# Task brief:
In the entries below, find each line with the string "Road" and copy it.
┌──
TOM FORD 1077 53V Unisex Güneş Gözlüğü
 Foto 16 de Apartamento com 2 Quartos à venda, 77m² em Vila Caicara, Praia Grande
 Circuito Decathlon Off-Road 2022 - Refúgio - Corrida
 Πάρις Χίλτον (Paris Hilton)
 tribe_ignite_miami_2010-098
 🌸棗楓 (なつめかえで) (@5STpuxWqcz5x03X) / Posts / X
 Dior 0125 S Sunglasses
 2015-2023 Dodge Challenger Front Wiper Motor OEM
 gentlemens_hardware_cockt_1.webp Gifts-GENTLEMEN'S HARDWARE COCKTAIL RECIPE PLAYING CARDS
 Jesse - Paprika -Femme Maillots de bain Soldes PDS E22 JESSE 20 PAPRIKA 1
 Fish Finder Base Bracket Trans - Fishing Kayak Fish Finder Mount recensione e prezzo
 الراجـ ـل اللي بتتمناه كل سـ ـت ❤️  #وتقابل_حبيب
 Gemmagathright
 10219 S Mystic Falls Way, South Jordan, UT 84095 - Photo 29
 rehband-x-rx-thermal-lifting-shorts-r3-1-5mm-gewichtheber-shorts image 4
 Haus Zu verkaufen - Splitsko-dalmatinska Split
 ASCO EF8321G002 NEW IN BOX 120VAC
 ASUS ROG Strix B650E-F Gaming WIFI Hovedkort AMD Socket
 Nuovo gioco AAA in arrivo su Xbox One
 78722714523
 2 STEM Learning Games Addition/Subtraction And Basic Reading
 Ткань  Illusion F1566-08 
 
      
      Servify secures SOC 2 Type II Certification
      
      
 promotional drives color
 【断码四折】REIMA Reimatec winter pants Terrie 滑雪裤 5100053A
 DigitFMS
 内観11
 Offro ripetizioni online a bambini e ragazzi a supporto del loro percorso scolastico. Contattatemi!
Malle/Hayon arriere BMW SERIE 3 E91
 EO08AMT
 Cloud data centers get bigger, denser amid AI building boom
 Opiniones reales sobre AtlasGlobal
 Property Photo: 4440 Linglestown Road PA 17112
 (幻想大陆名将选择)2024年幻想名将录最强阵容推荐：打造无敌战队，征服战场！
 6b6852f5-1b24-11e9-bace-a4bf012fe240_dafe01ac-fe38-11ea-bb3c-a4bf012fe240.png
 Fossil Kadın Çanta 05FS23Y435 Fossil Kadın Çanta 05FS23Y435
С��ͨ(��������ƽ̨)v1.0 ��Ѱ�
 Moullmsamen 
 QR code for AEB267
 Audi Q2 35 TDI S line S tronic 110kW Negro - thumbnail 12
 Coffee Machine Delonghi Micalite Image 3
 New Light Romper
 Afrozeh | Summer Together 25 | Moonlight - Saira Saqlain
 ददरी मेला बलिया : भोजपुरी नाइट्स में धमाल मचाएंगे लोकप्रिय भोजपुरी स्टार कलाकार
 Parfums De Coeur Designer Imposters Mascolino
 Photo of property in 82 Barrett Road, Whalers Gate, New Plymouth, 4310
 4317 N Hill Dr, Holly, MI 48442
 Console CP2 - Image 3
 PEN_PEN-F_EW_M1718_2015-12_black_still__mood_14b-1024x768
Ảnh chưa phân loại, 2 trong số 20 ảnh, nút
└──
# Answer area:
 Circuito Decathlon Off-Road 2022 - Refúgio - Corrida
 Property Photo: 4440 Linglestown Road PA 17112
 Photo of property in 82 Barrett Road, Whalers Gate, New Plymouth, 4310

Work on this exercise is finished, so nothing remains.